The Internet of Things connects all of our devices together, however, are we doing it right?
Today, everyday objects are infused with network connectivity and are capable of storing, receiving and sending information via internet. They hold potent processing power and mount advanced sensors. We start relying on the input and guidance of these IP-enabled devices more and more, and many people were quick to endorse their surge.
There is indeed a great potential for adding value, however, there are big security concerns over the proliferation of the Internet of Things (IoT) as well. The emerging standards do not keep up with all the possible perils that hide in the dark: Individual private leaks are revealed occasionally and an even greater problem could lie in potential collapses of public systems.
Under the surface
Modern machines collect a tremendous amount of data, but also analyze and use it to perform various actions. In many cases, they do this independently, without human oversight or direct control. For us, sending sensitive data across the internet is a necessity.
Yet, security breaches are a risk that follows us everywhere, and as of lately, many similar concerns have been raised. It is clear that the fast-paced development of the IoT has introduced some profound challenges that remain unsolved and threat to cast a sinister shadow over the prosperous digital market.
The security difficulties are not tied just to computers and mobile devices, but some other products that are widely used as well. Take the example of the researchers who have managed to hack into the Canon printer and remotely access the web interface.
That enabled them to install a malware that spies on the documents being printed, use up all of the ink causing Canon toner to dry up and add extra expenses. They even modified the firmware to such extent that the device became capable of running a classic PC game Doom. This is a clear indication that office appliances can be compromised and gateways into their networks established.
The same team hacked into the smart light bulb, IP camera and network-attached storage. Sometimes the problem is that the device’s interface does not feature user authentication, while other products’ firmware updates can be manipulated.

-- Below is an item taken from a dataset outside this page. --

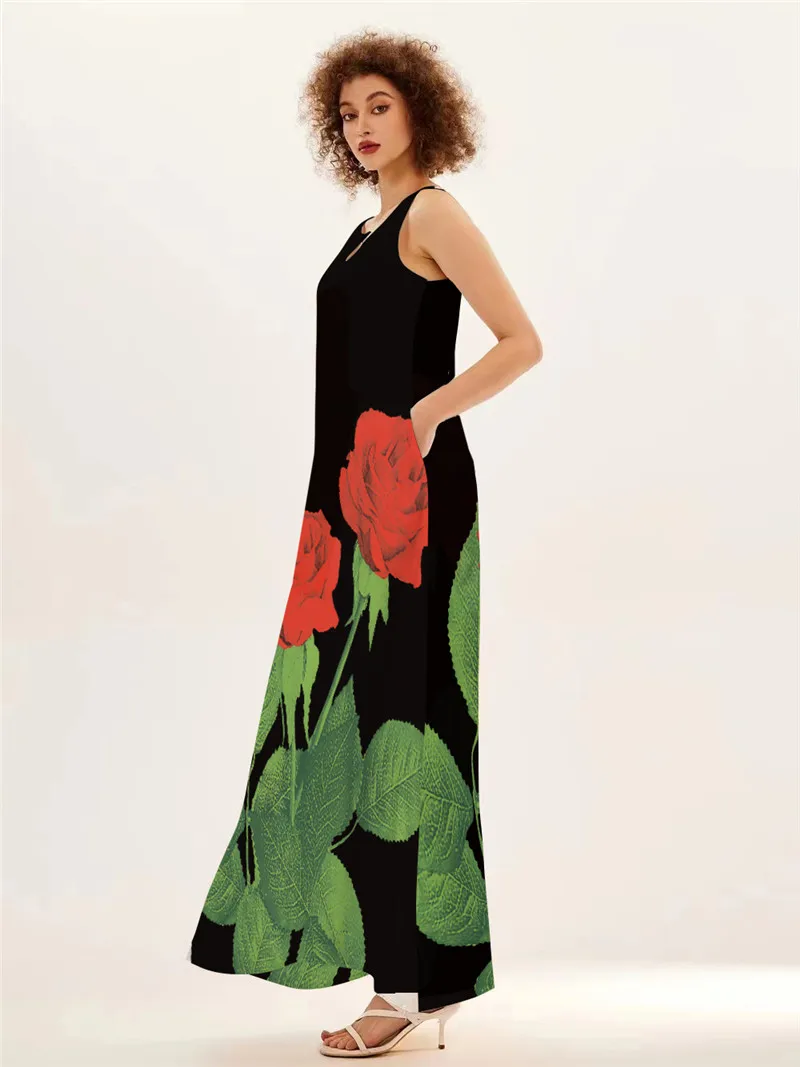 Gaun panjang Motif mawar merah - Summer Rose Clothing ulasan dan harga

As for the aforementioned printer, its configuration is prone to modifications of a cross-site forgery attacks (CSRF). This means that due to the expansion of the IoT-related devices, the cyber attacks will become much more physical in their nature. Experts also argue that the IoT has a much larger and more complex surface to monitor and defend than traditional PCs.

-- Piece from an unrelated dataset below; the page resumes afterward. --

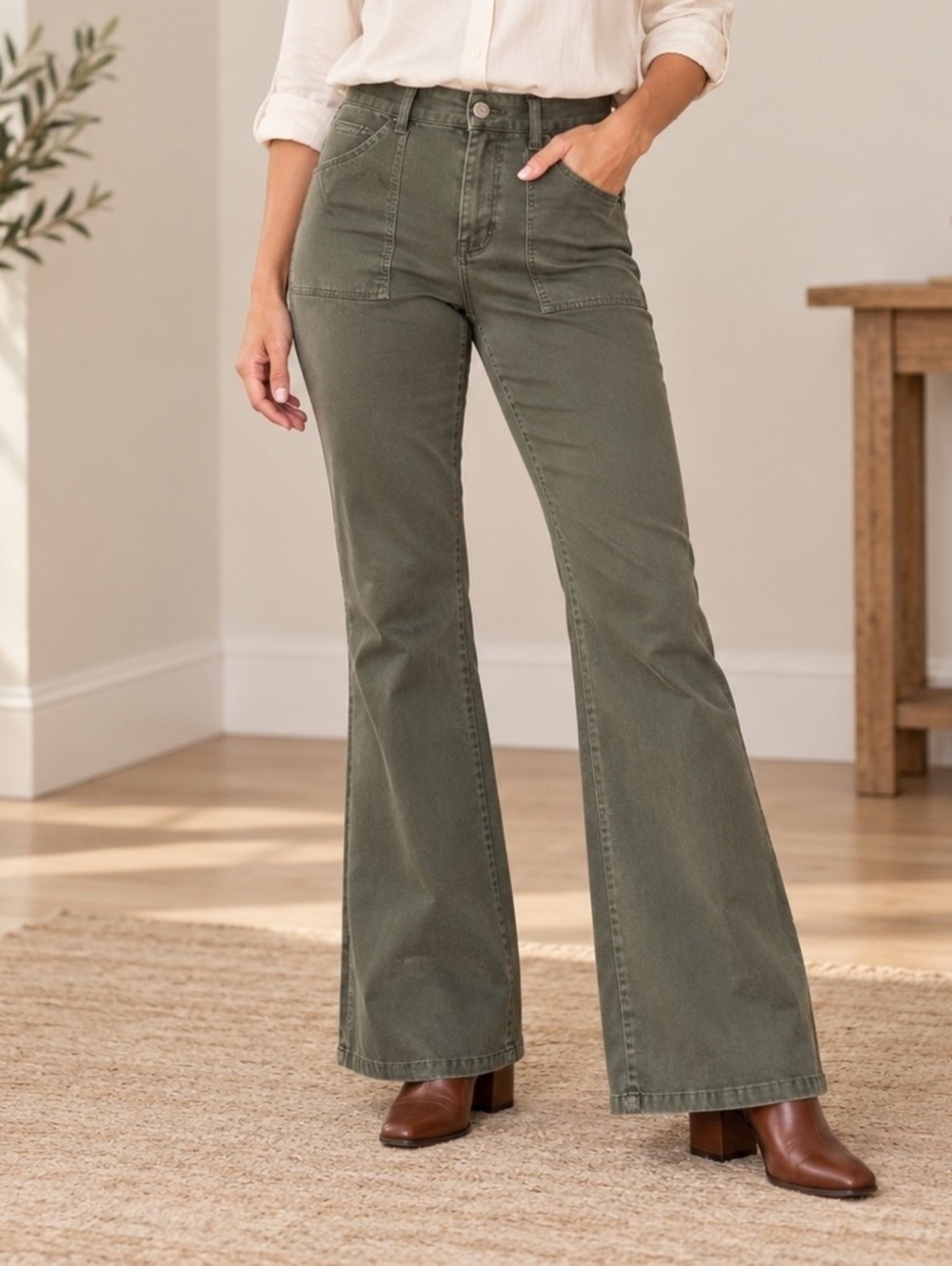KUT from the Kloth Ana High Rise Flare Olive Green Patch Pocket Pants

Assault on the Fort Internet
Therefore, integrating smart home technology presents a great risk. People can be spied upon via television, cameras, kitchen appliances and thermostats. While all these products make our life easier, it turns out that they also make it more complicated security-wise. All computer-controlled car devices are vulnerable to the hackers who want to gain access to the onboard network.

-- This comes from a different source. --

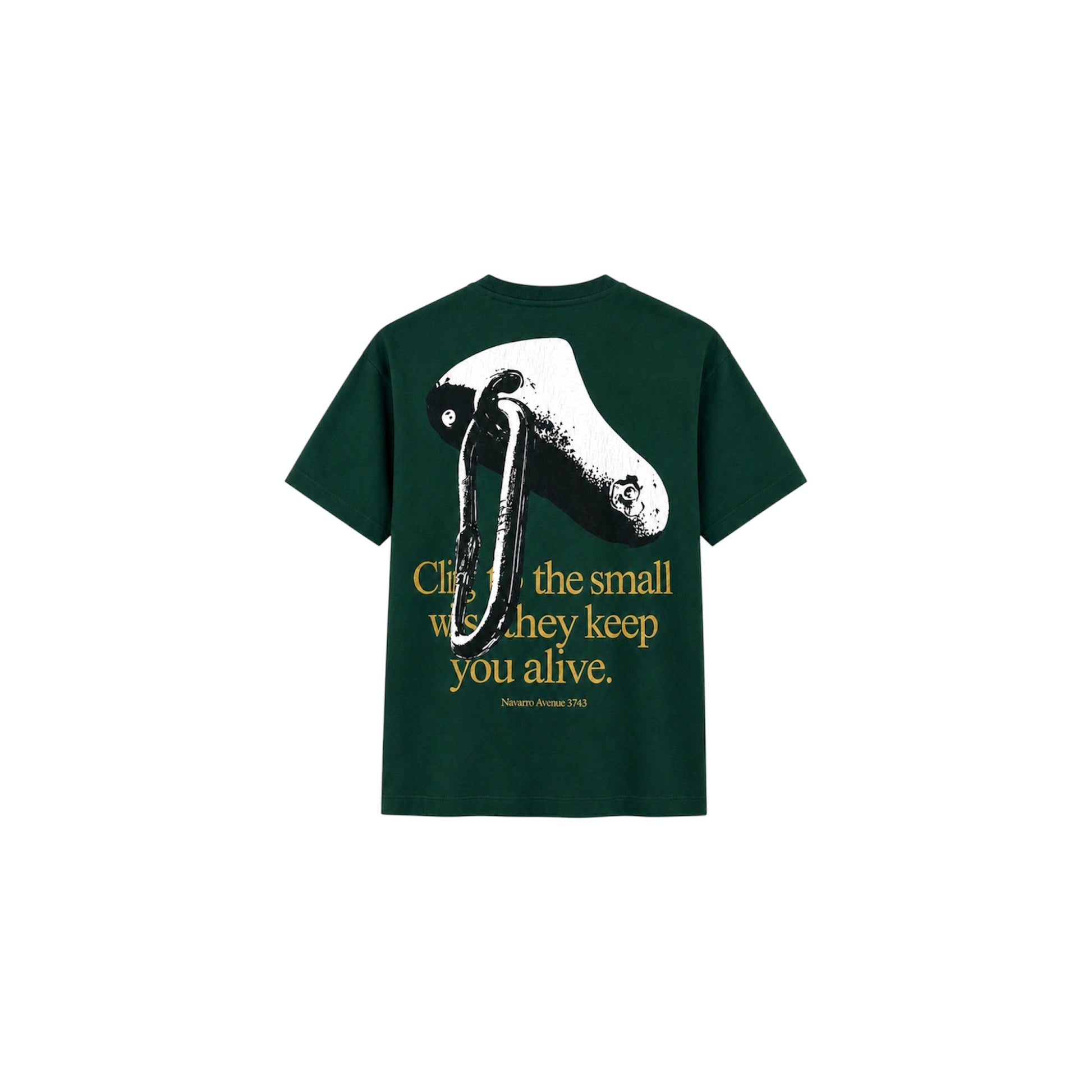 Green t-shirt with graphic design and text on a white background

It is not hard to imagine how losing control of breaks could play out for people in the traffic. Their lives are in jeopardy, not just their data and privacy. Attacks always take advantage of any weakness in the system and seek to open it whole up for other assaults.
So, to achieve better system robustness and protect the value that IoT brings forth, a new daring approach is required. Projects like OWASP IoT are a step in the right direction, as they aim on raising awareness with the consumers, developers and manufacturers.
The project is free to use and it can be copied or transmitted with the only requirement of attributing the work in cases of product alternation. This should lead the enhanced process of decision making, whether it involves building, employing or accessing the IoT tech. Prevention is the best solution, which must work hand in hand with risk management and sophisticated security measures.
The interoperability will have to be spread across the sector and tangible standards measured and adopted. It is obvious that many regulatory changes will be necessary to turn the situation around and boost safety.
Things like the establishment of the Internet of Things Security Foundation should be utilized for giving more power to other similar instances. Finally, the Microsoft Azure IoT suite is a good example of a software that enables data provisioning and authorization, connection security, encryption, and cloud protection.
Alas, as long as there is no momentum for the widespread adoption, one cannot hope to thread digital roads without the fear of dangers that roam the surrounding landscape.
Avoiding perils like plague
Physical objects embedded with advanced features and network connectivity are becoming an integral part of our daily life. The convenience and efficiency of such products are accompanied by security risks that plague the booming market and may undermine the further value creation.
The industry must act on these burning issues and come up with a singular, systemic solution to the problem. For now, it is best to be vigilant when dealing with the IoT. You could say that in the interconnected worlds it has never been important to acknowledge the value of promoting knowledge, handy tools and best security practices.